(Dataset records)

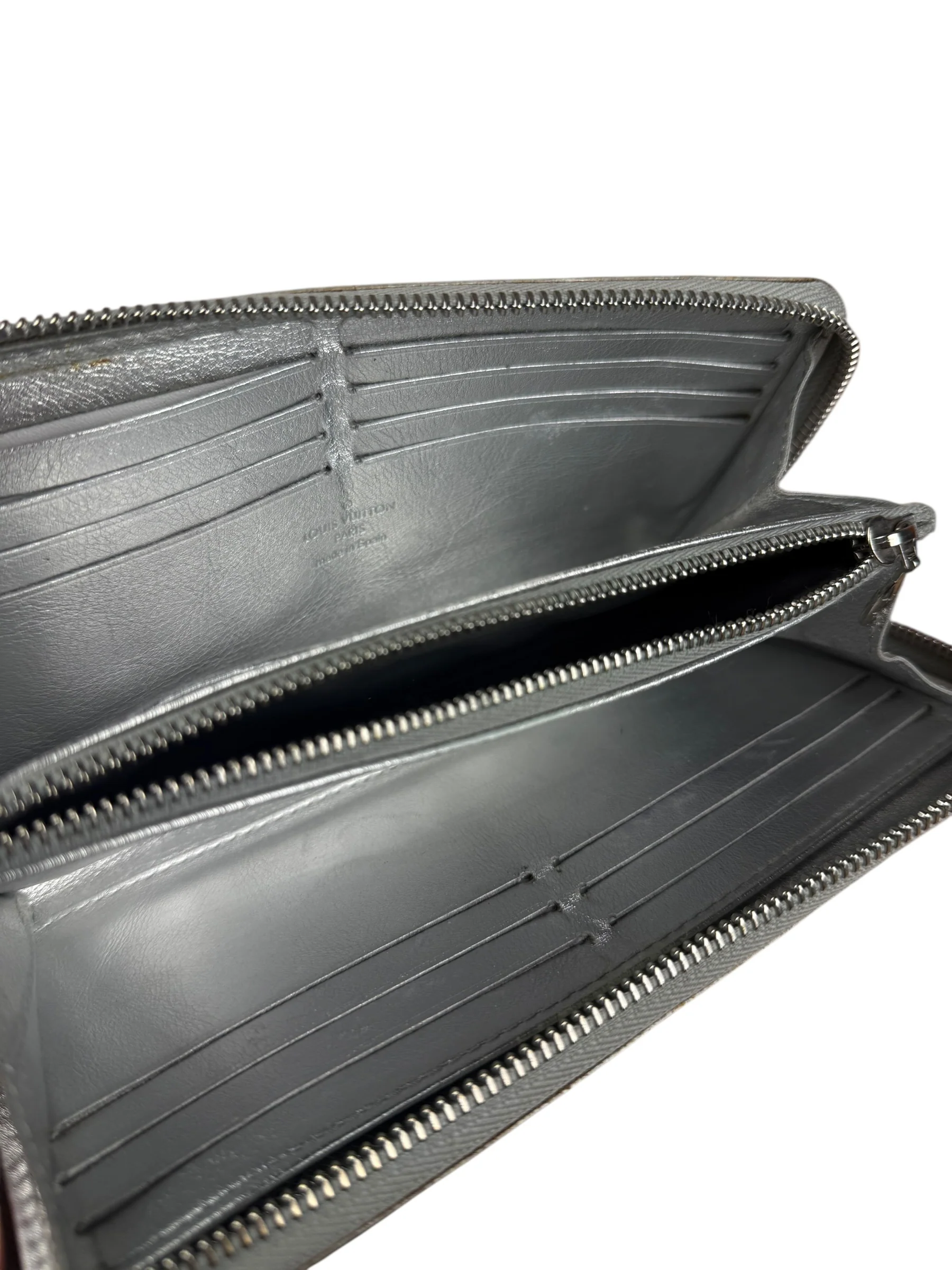 Louis Vuitton Vintage Suhali Silver Leather Zippy Wallet - Image 21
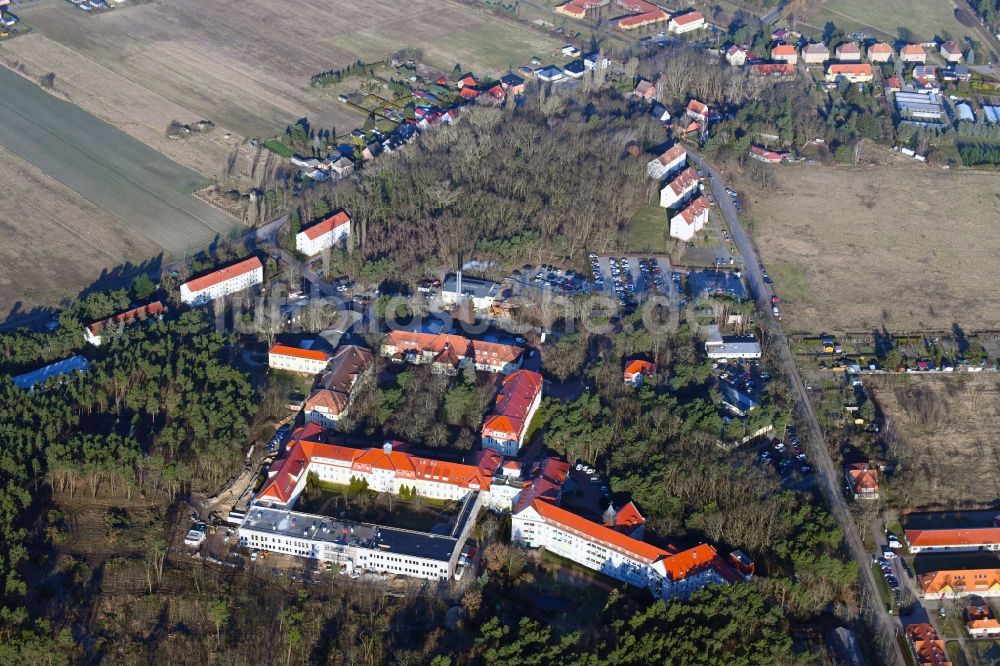 Luftaufnahme Treuenbrietzen - Baustelle für einen Erweiterungs- Neubau auf dem Klinikgelände des Krankenhauses Johanniter-Krankenhaus Treuenbrietzen in der Johanniterstraße in Treuenbrietzen im Bundesland Brandenburg, Deutschland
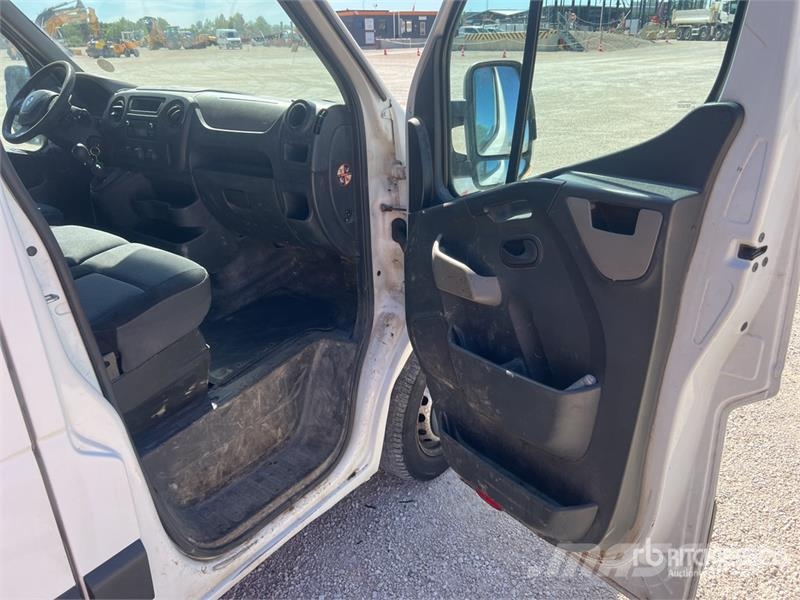 Renault Master dCi 125 Vehicule Utilitaire Cargo Van Furgonetas /Furgón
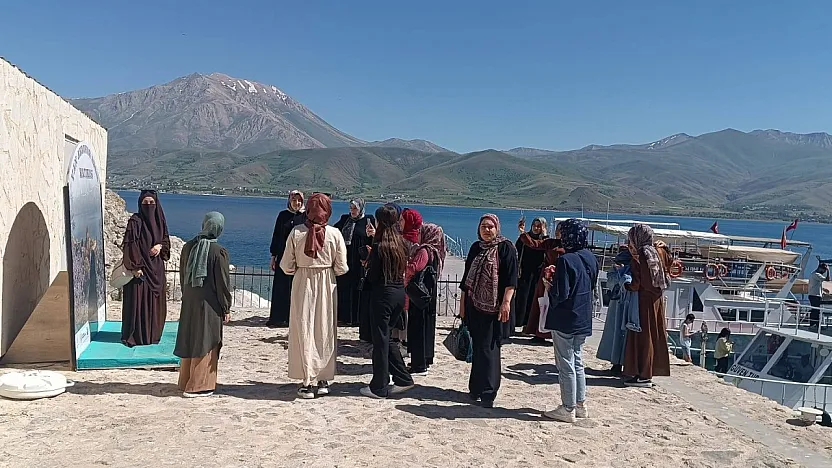 Pervari Belediyesi'nden Kadınlara Van Gezisi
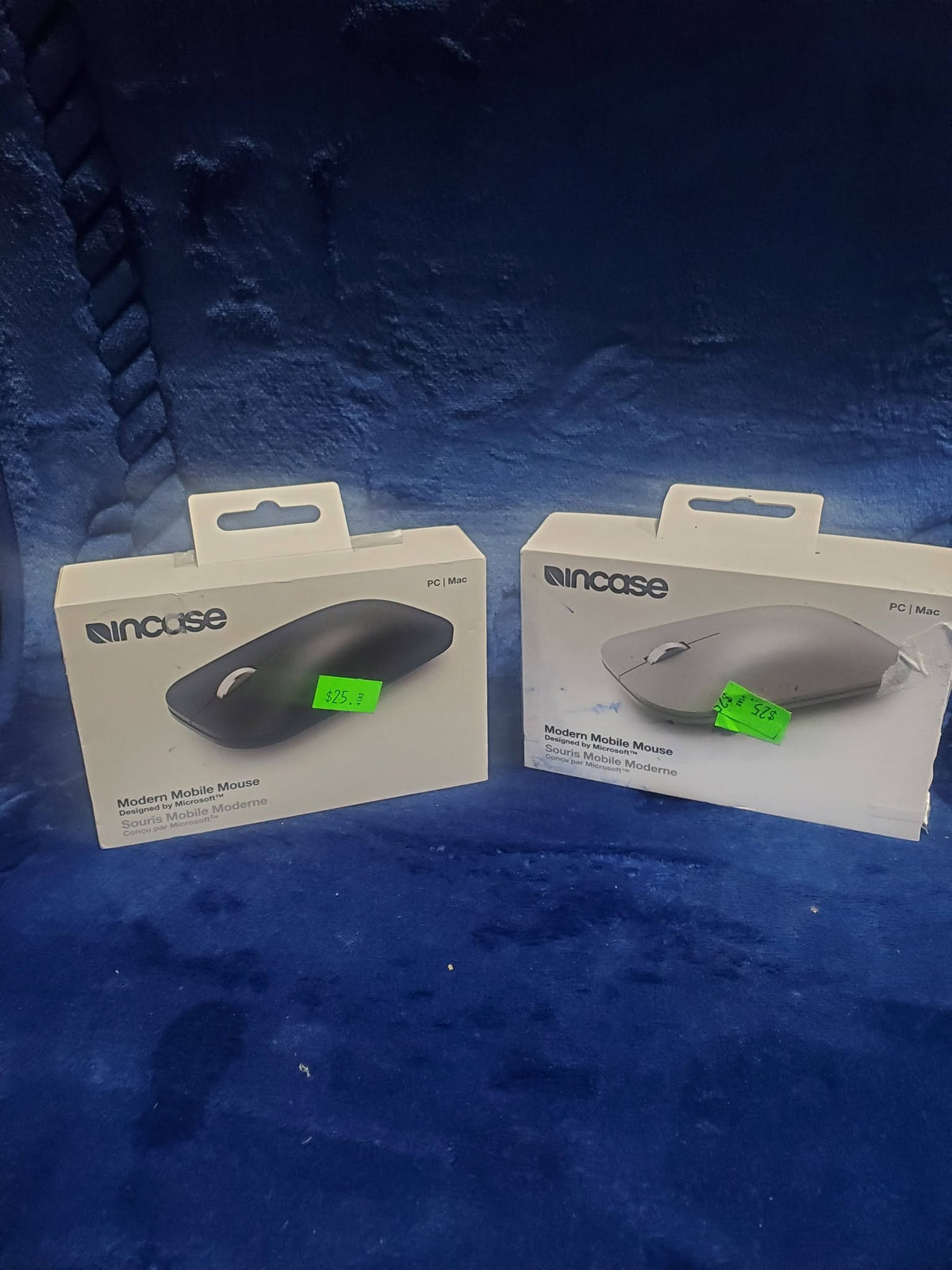 Incase Designed by Microsoft Modern Mobile Bluetooth BlueTrack Mouse- Black / Platinum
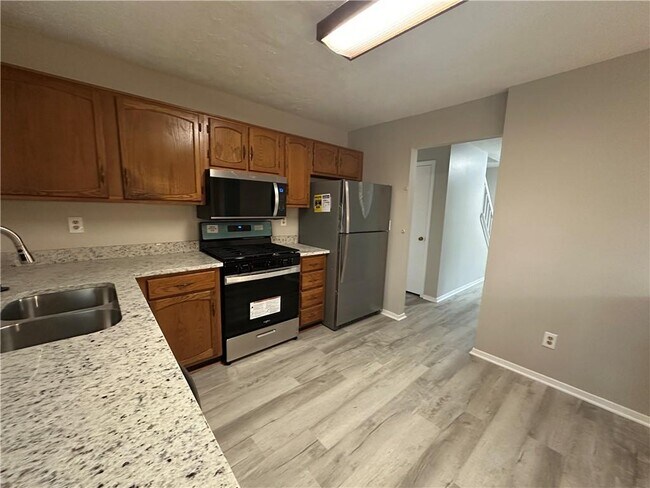 Building Photo - 115 Yatley Ct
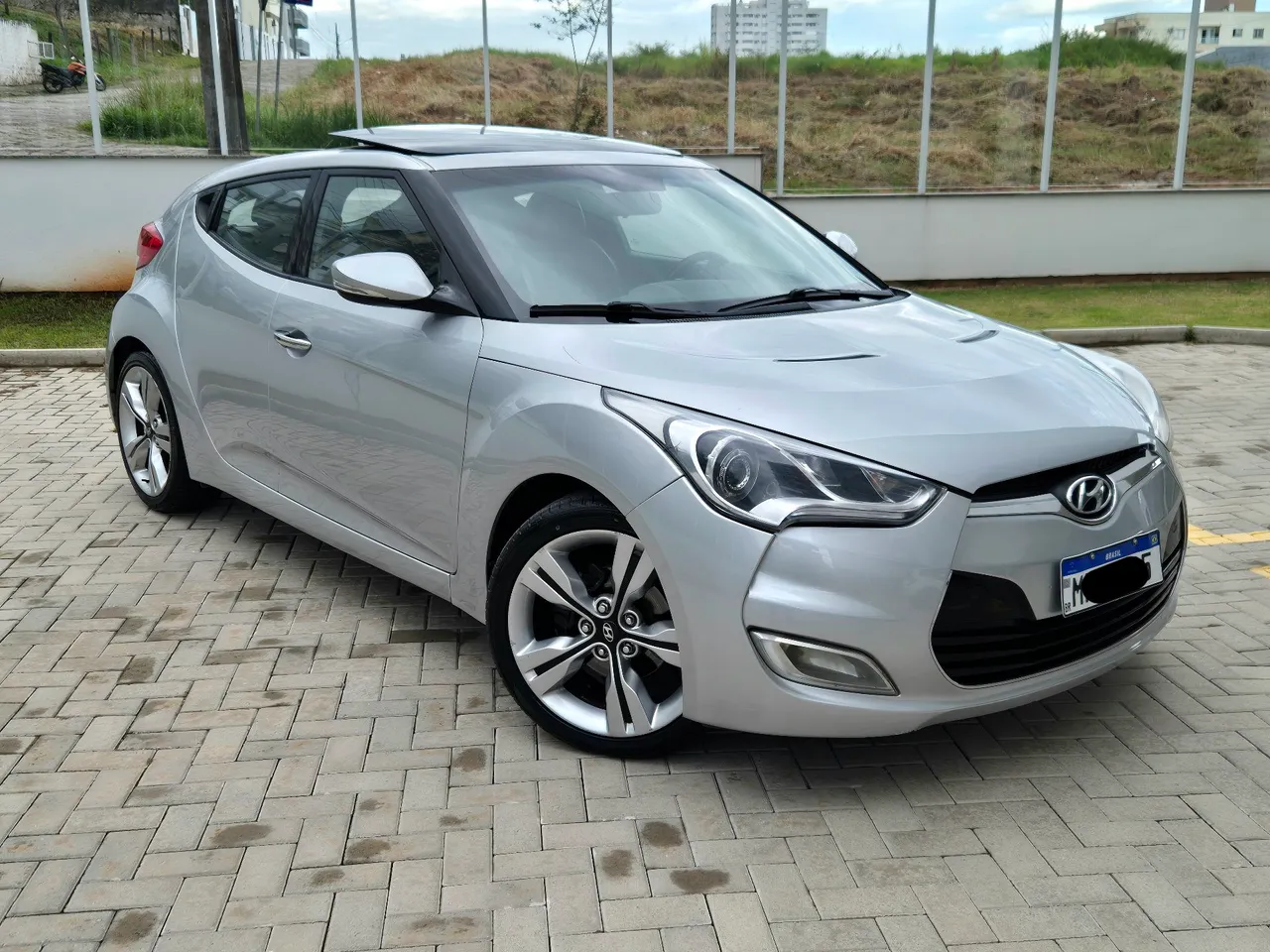 HYUNDAI VELOSTER 2013 Usados e Novos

(End Dataset records)

What you should do: The response is the full listing, copied exactly, with the pictures omitted.

Problem solution:
 Louis Vuitton Vintage Suhali Silver Leather Zippy Wallet - Image 21
 Luftaufnahme Treuenbrietzen - Baustelle für einen Erweiterungs- Neubau auf dem Klinikgelände des Krankenhauses Johanniter-Krankenhaus Treuenbrietzen in der Johanniterstraße in Treuenbrietzen im Bundesland Brandenburg, Deutschland
 Renault Master dCi 125 Vehicule Utilitaire Cargo Van Furgonetas /Furgón
 Pervari Belediyesi'nden Kadınlara Van Gezisi
 Incase Designed by Microsoft Modern Mobile Bluetooth BlueTrack Mouse- Black / Platinum
 Building Photo - 115 Yatley Ct
 HYUNDAI VELOSTER 2013 Usados e Novos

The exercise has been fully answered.